◆ PROBLEM TO WORK ON
Print a faithful copy of the data below, word for word, with the pictures left out.

◆ GIVEN RECORDS
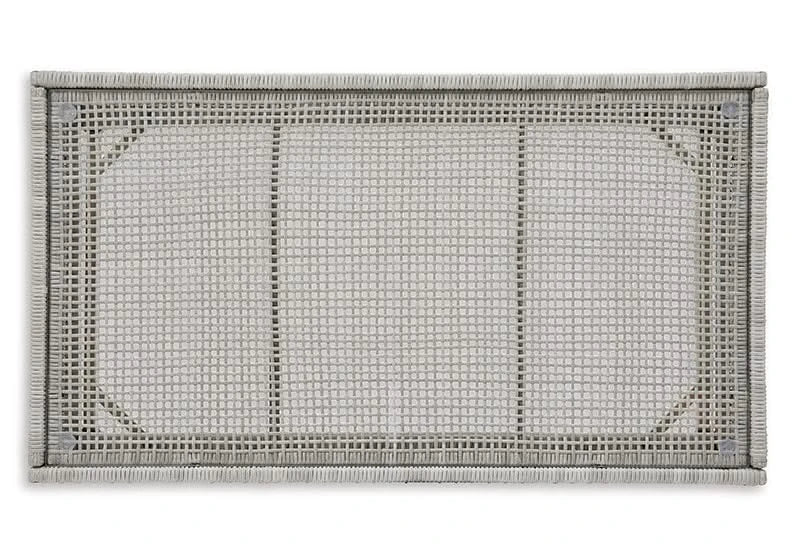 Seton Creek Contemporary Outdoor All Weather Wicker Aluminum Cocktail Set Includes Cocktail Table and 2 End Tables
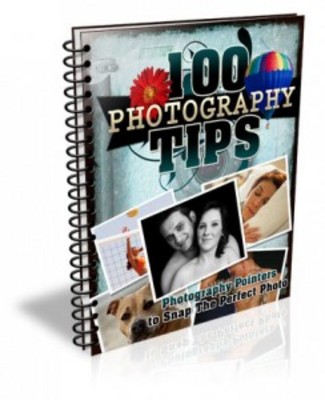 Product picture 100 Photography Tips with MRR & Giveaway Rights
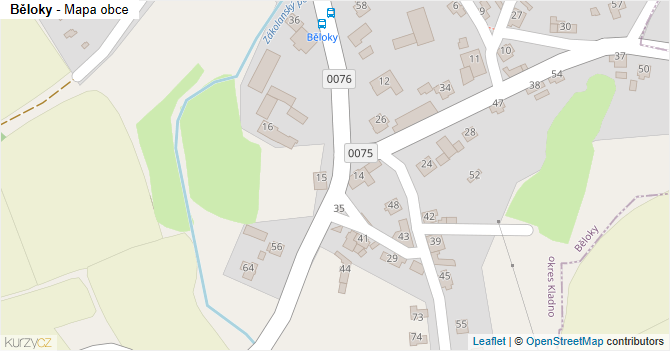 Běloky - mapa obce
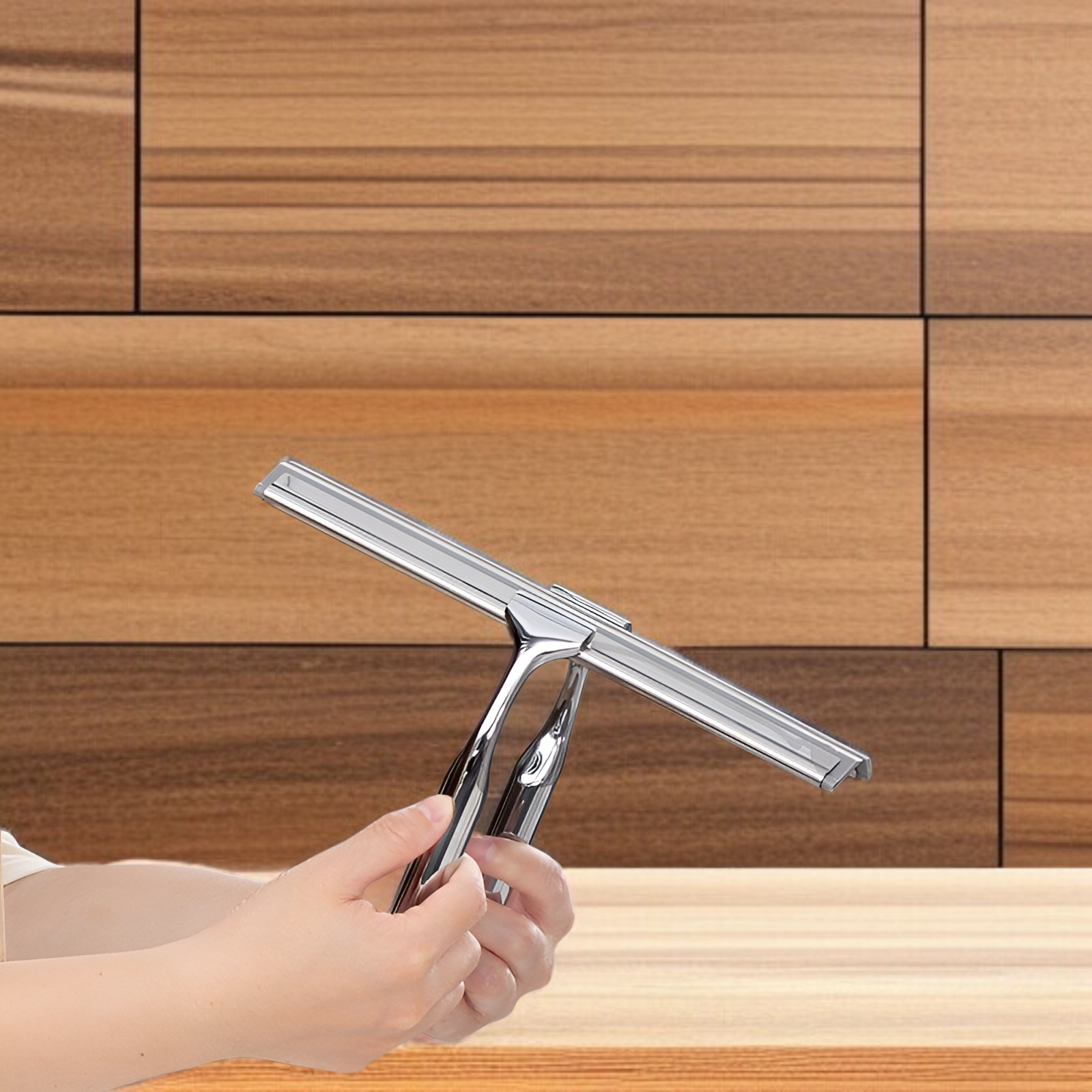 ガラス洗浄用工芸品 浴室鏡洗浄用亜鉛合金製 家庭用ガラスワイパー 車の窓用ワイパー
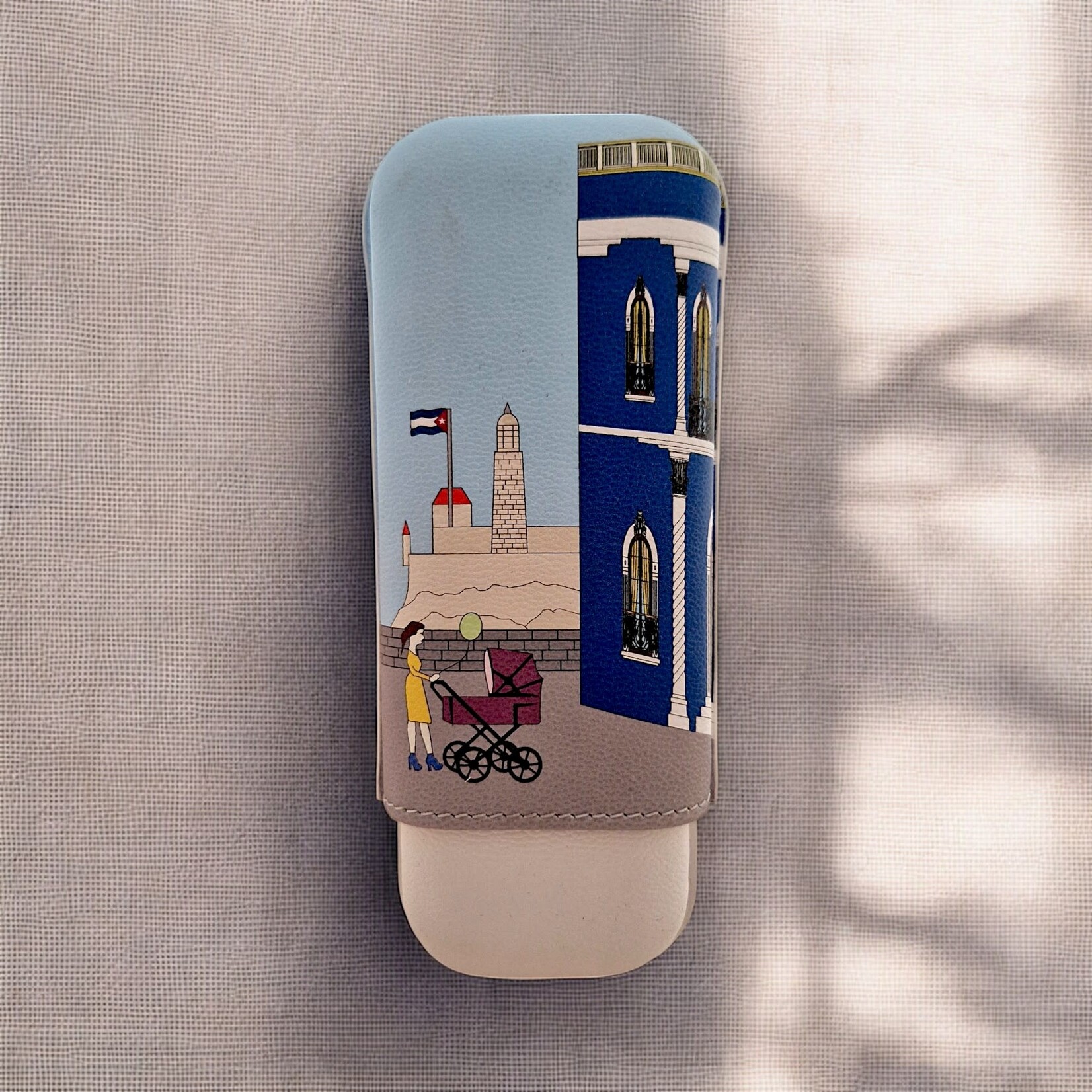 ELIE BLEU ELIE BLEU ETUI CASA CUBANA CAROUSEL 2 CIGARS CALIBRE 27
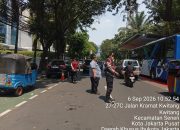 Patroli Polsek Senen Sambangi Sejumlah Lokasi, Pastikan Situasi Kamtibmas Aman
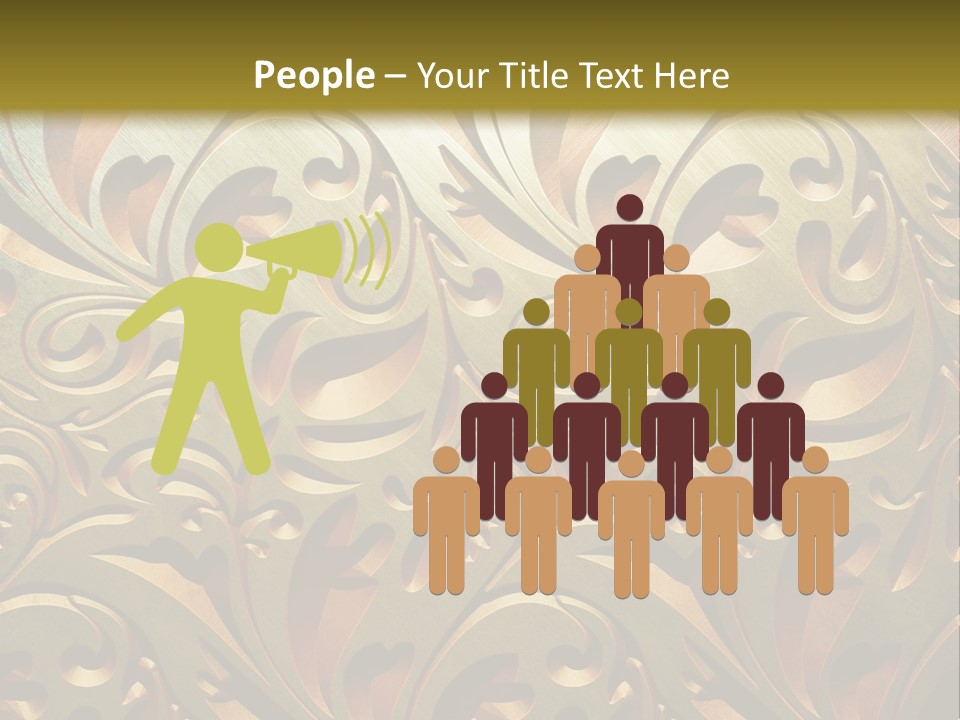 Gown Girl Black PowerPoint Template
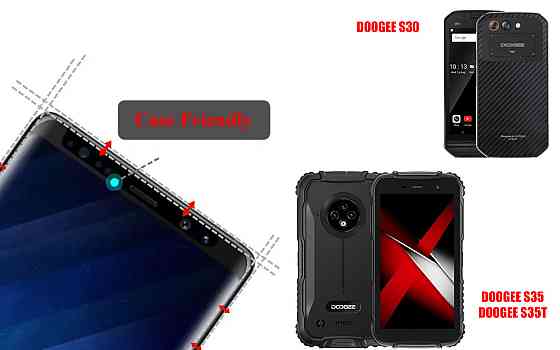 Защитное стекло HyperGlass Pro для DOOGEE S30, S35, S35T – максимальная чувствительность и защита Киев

◆ PROBLEM SOLUTION
 Seton Creek Contemporary Outdoor All Weather Wicker Aluminum Cocktail Set Includes Cocktail Table and 2 End Tables
 Product picture 100 Photography Tips with MRR & Giveaway Rights
 Běloky - mapa obce
 ガラス洗浄用工芸品 浴室鏡洗浄用亜鉛合金製 家庭用ガラスワイパー 車の窓用ワイパー
 ELIE BLEU ELIE BLEU ETUI CASA CUBANA CAROUSEL 2 CIGARS CALIBRE 27
 Patroli Polsek Senen Sambangi Sejumlah Lokasi, Pastikan Situasi Kamtibmas Aman
 Gown Girl Black PowerPoint Template
 Защитное стекло HyperGlass Pro для DOOGEE S30, S35, S35T – максимальная чувствительность и защита Киев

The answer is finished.